TRY IT:
Once the line containing "A clear glass/sand" is reached in the listing below, reproduce it and all later lines through the final one exactly, but omit any pictures.
- Opening Delimiter -
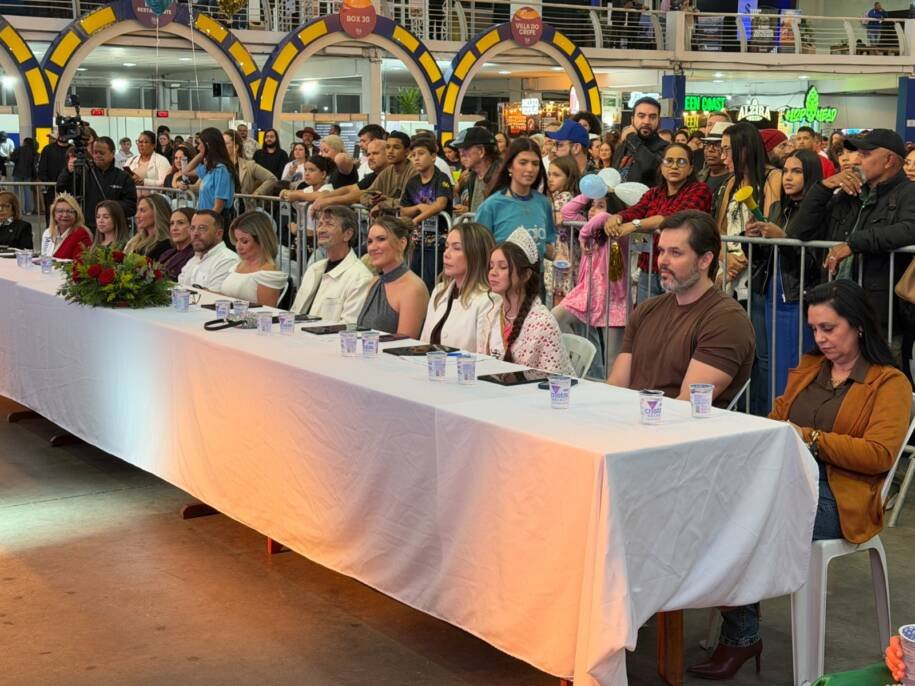 Itajaí elege Rainha e Princesas da Marejada em festa emocionante e cultural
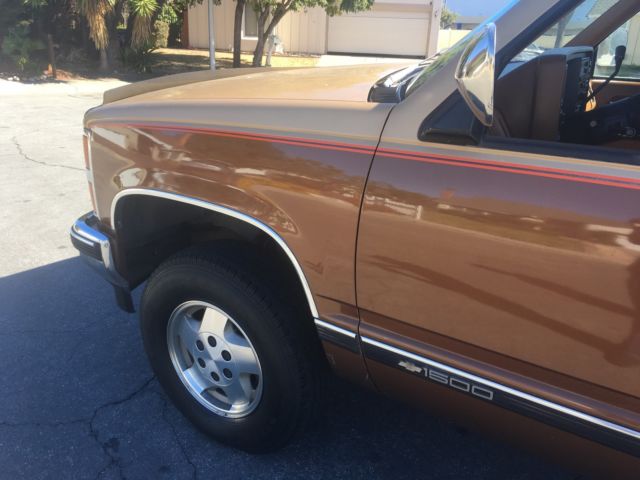 1989 Chevrolet Silverado 1500 4X4 Selling At A Worldwide No Reserve Auction - photo 11
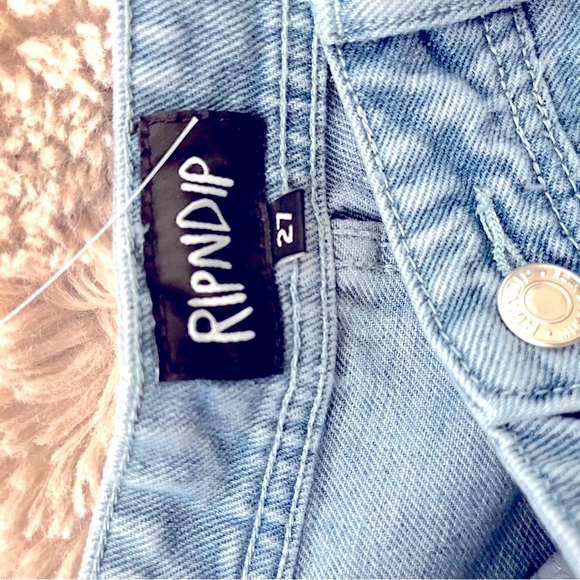 RipnDip Jean Shorts (medium wash) - Picture 5 of 5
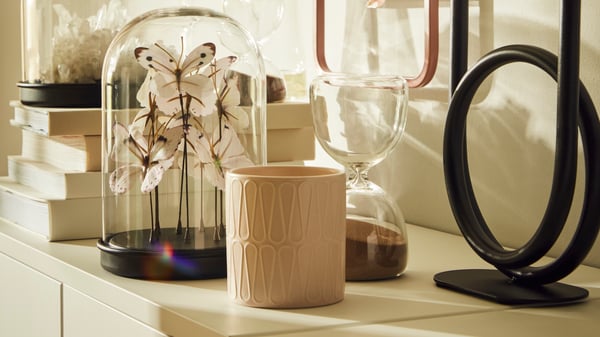 A clear glass/sand EFTERTÄNKA decorative hourglass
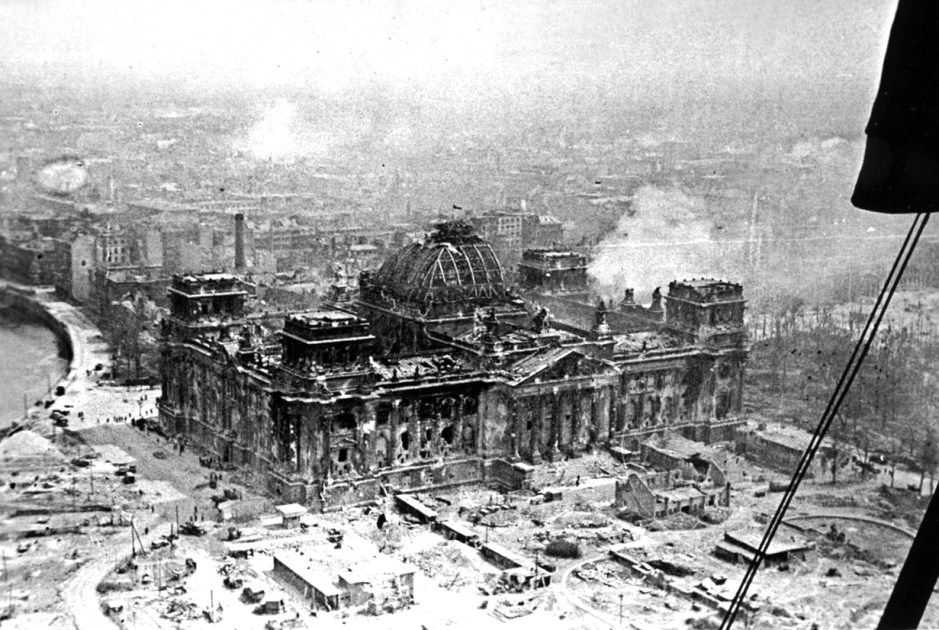berlino-1945-reichstag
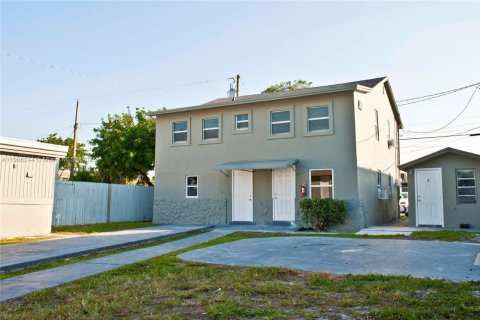 House in Hollywood, Florida 2 bedrooms, 60.39 sq.m. № 1956893 - photo 20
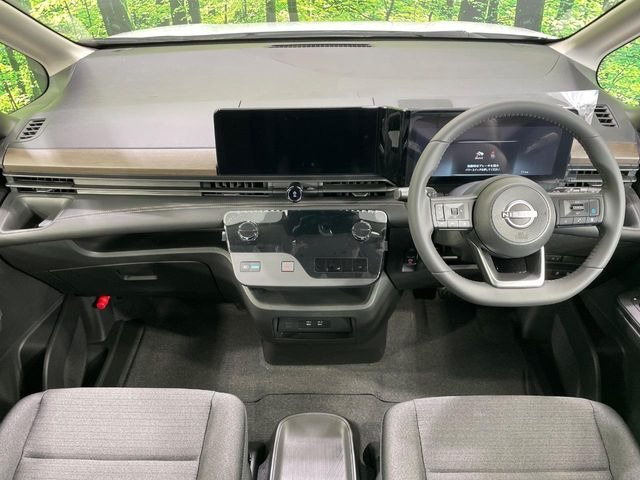 セレナ1.4 e-POWER ハイウェイスターV
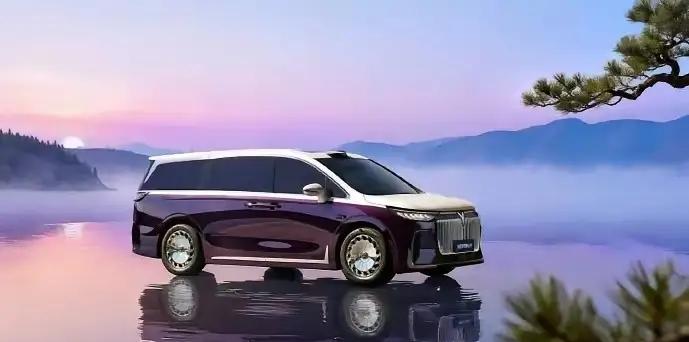 岚图泰山目前推出Max、Max+、Ultra三个版本，官方指导价分别为37.99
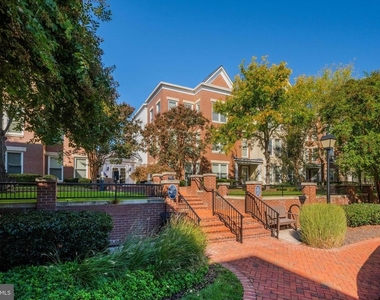 910 Powhatan Street - Photo Thumbnail 31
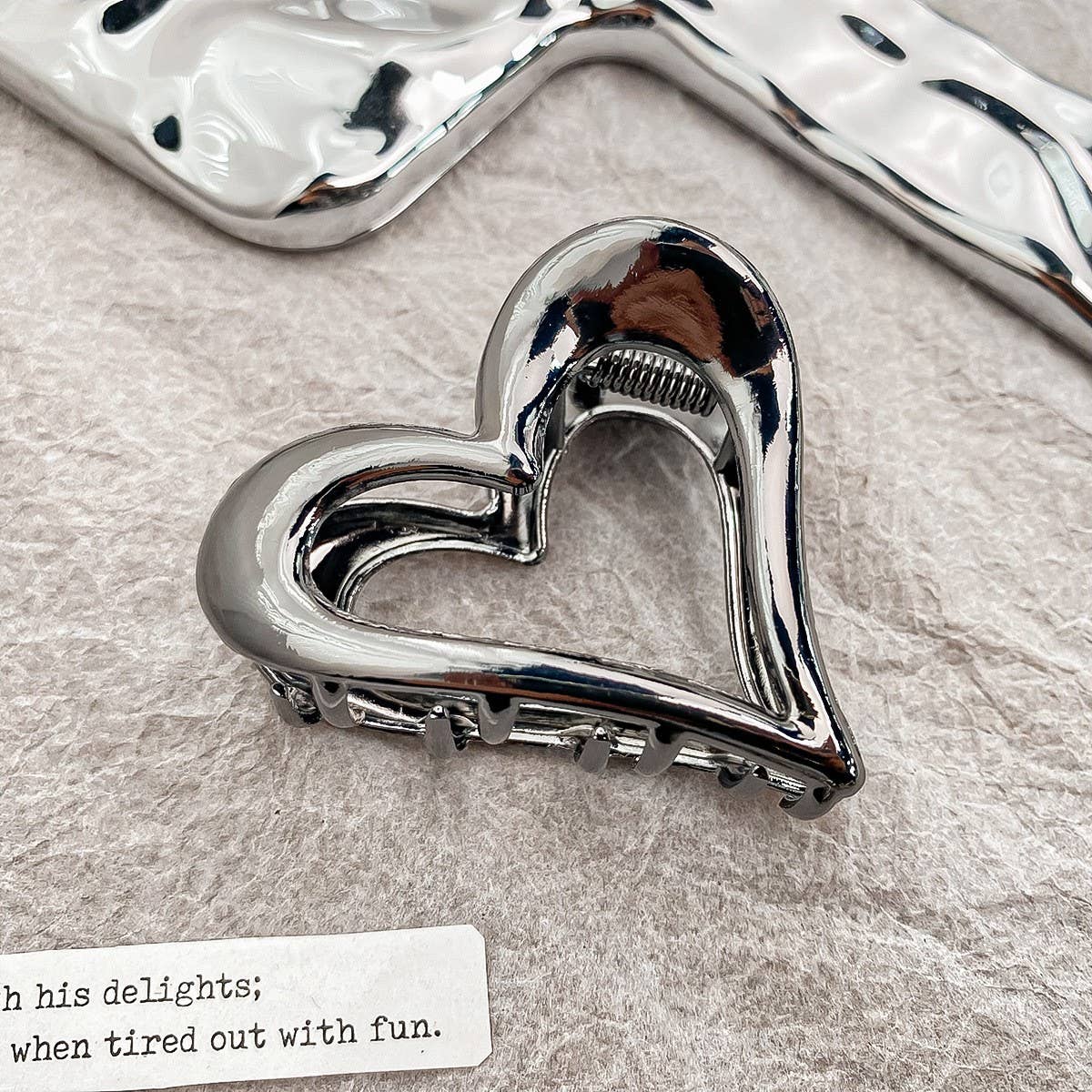 BRIGHT SURFACE HEART-SHAPED METAL MINI HAIRPIN_CWAHA0726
- Closing Delimiter -
ANSWER TO THIS TASK:
 A clear glass/sand EFTERTÄNKA decorative hourglass
berlino-1945-reichstag
 House in Hollywood, Florida 2 bedrooms, 60.39 sq.m. № 1956893 - photo 20
 セレナ1.4 e-POWER ハイウェイスターV
 岚图泰山目前推出Max、Max+、Ultra三个版本，官方指导价分别为37.99
 910 Powhatan Street - Photo Thumbnail 31
 BRIGHT SURFACE HEART-SHAPED METAL MINI HAIRPIN_CWAHA0726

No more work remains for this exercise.